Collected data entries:
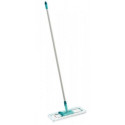 Leifheit Profi XL Micro Duo 42cm Blue/Green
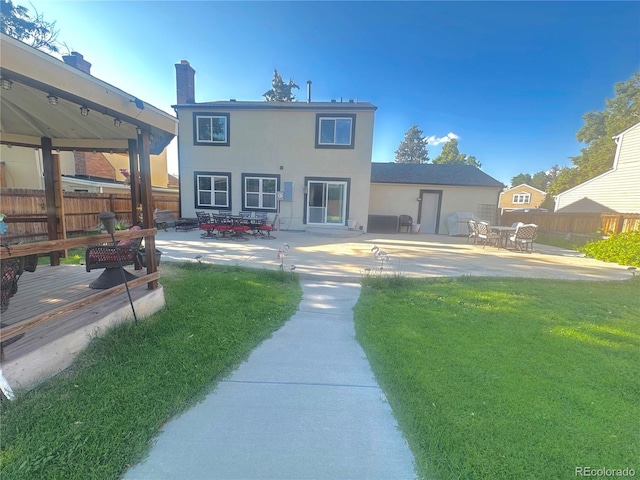 13154 E Florida Pl, Aurora, CO 80012 - photo 7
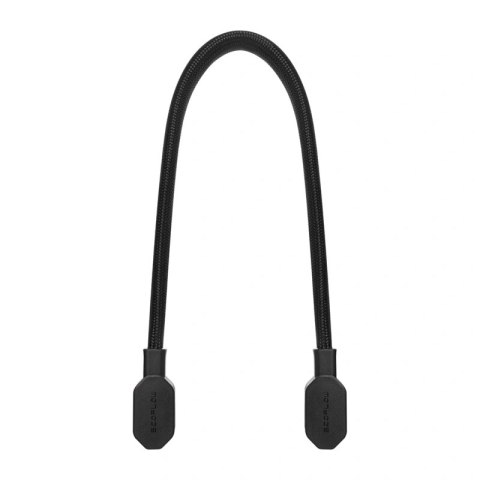 Kabel ECOFLOW DELTA 3 0,4m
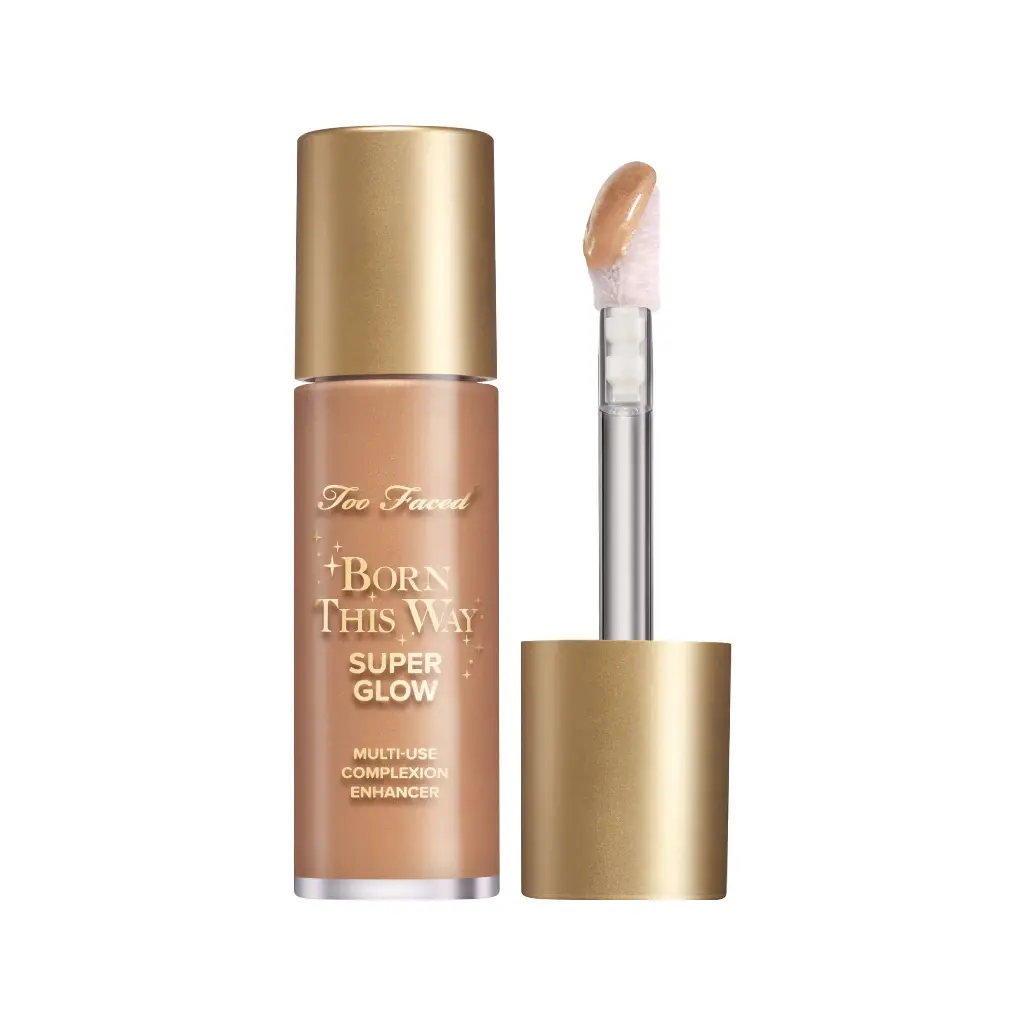 تو فيسد - بورن ذس واي سوبر جلو 30 مل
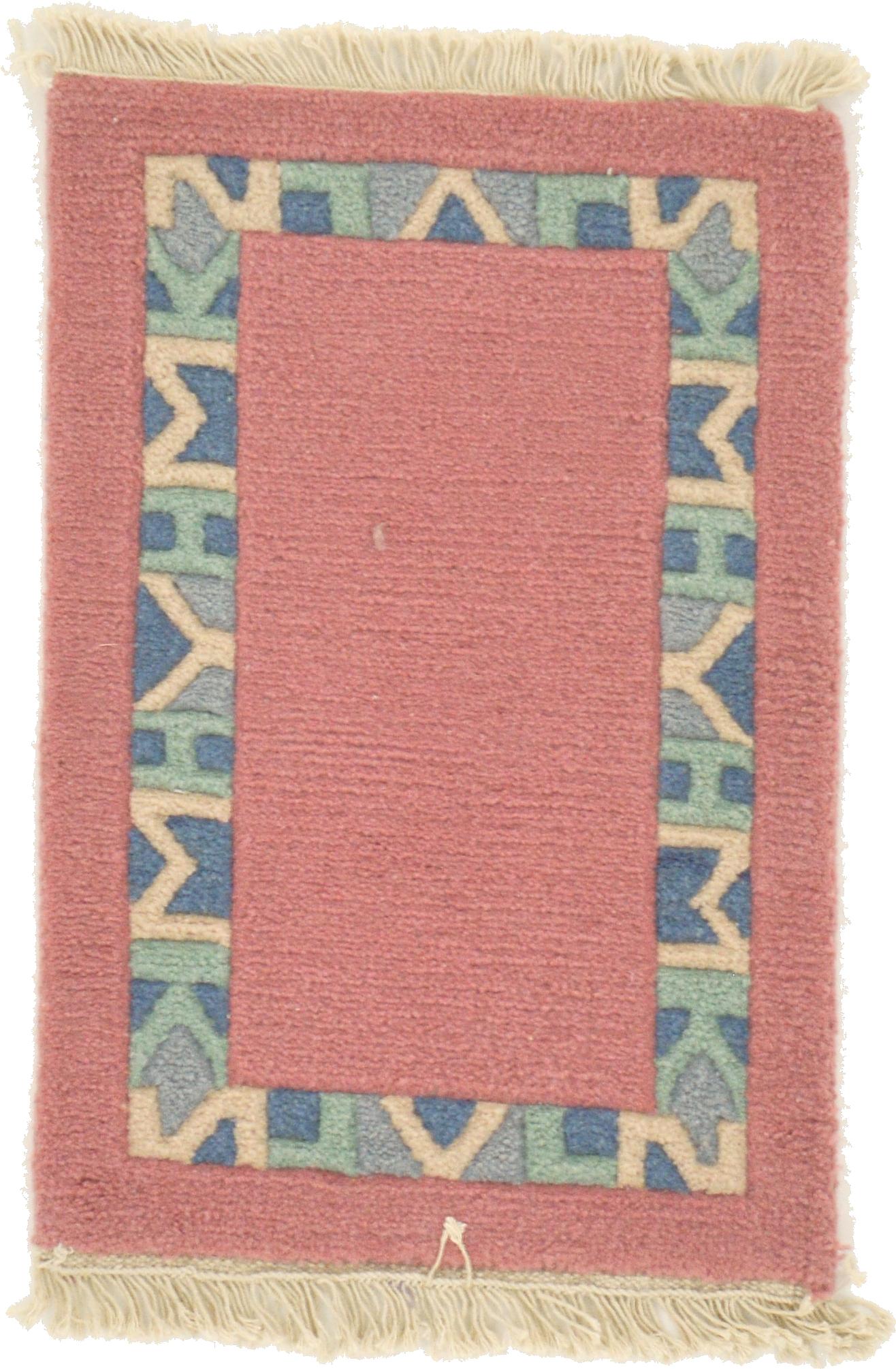 Main image of rug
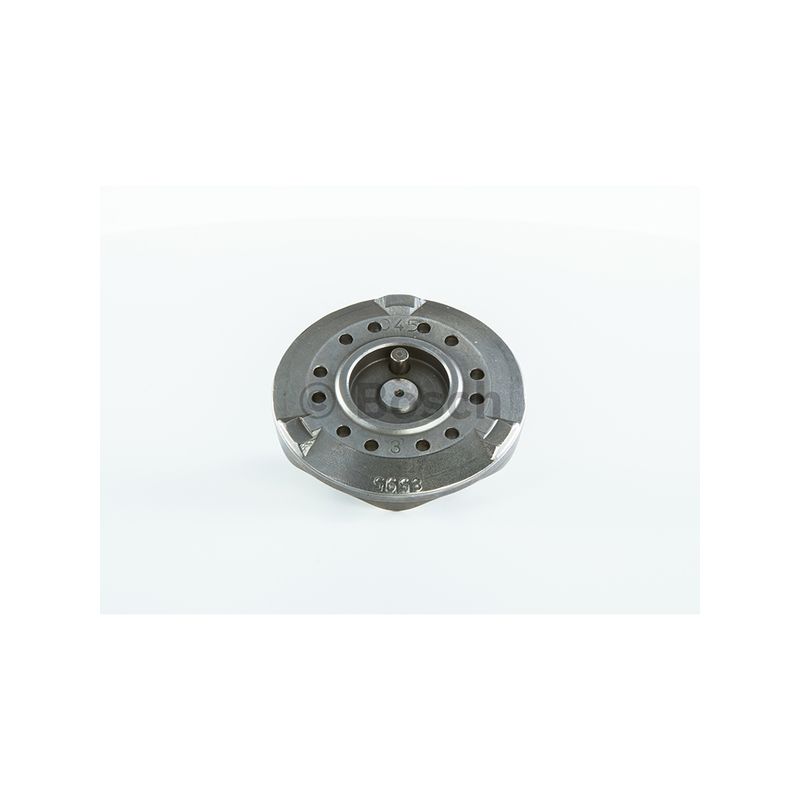 BOSCH_1466111650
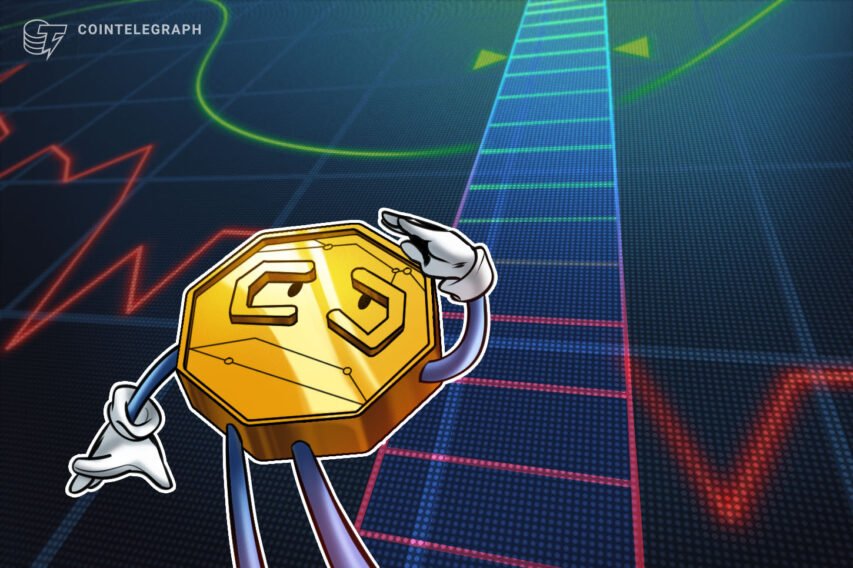 New report finds 15 main components that trigger crypto costs to rally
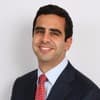 Omar Jabri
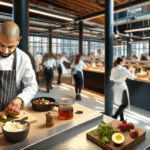 Cara Berhasil Menghasilkan Formula Kue Cokelat Tanpa Menggunakan Pemanggang yang Empuk serta Lezat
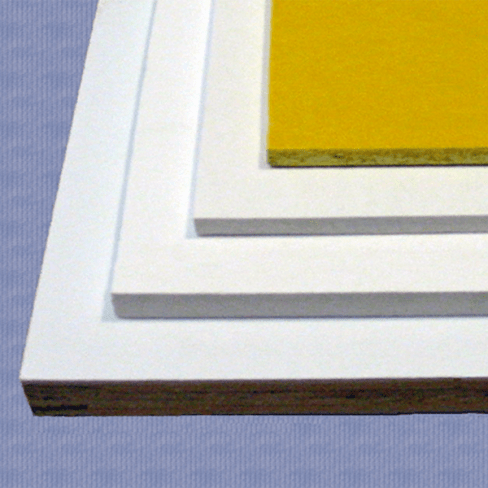 Rinksystems Image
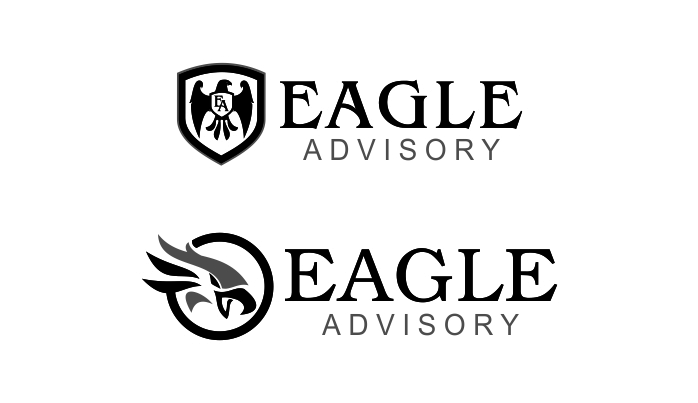 Logo Design by pa2pat for this project | Design #15511811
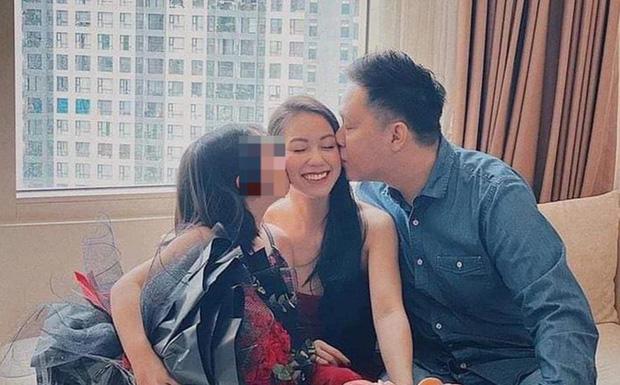 Đề nghị thay đổi tội dì ghẻ thành Giết người-3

Exercise prompt:
Once the pictures are set aside, output all of the data above verbatim.

Solved problem:
 Leifheit Profi XL Micro Duo 42cm Blue/Green
 13154 E Florida Pl, Aurora, CO 80012 - photo 7
 Kabel ECOFLOW DELTA 3 0,4m
 تو فيسد - بورن ذس واي سوبر جلو 30 مل
 Main image of rug
 BOSCH_1466111650
 New report finds 15 main components that trigger crypto costs to rally
 Omar Jabri
 Cara Berhasil Menghasilkan Formula Kue Cokelat Tanpa Menggunakan Pemanggang yang Empuk serta Lezat
 Rinksystems Image
 Logo Design by pa2pat for this project | Design #15511811
 Đề nghị thay đổi tội dì ghẻ thành Giết người-3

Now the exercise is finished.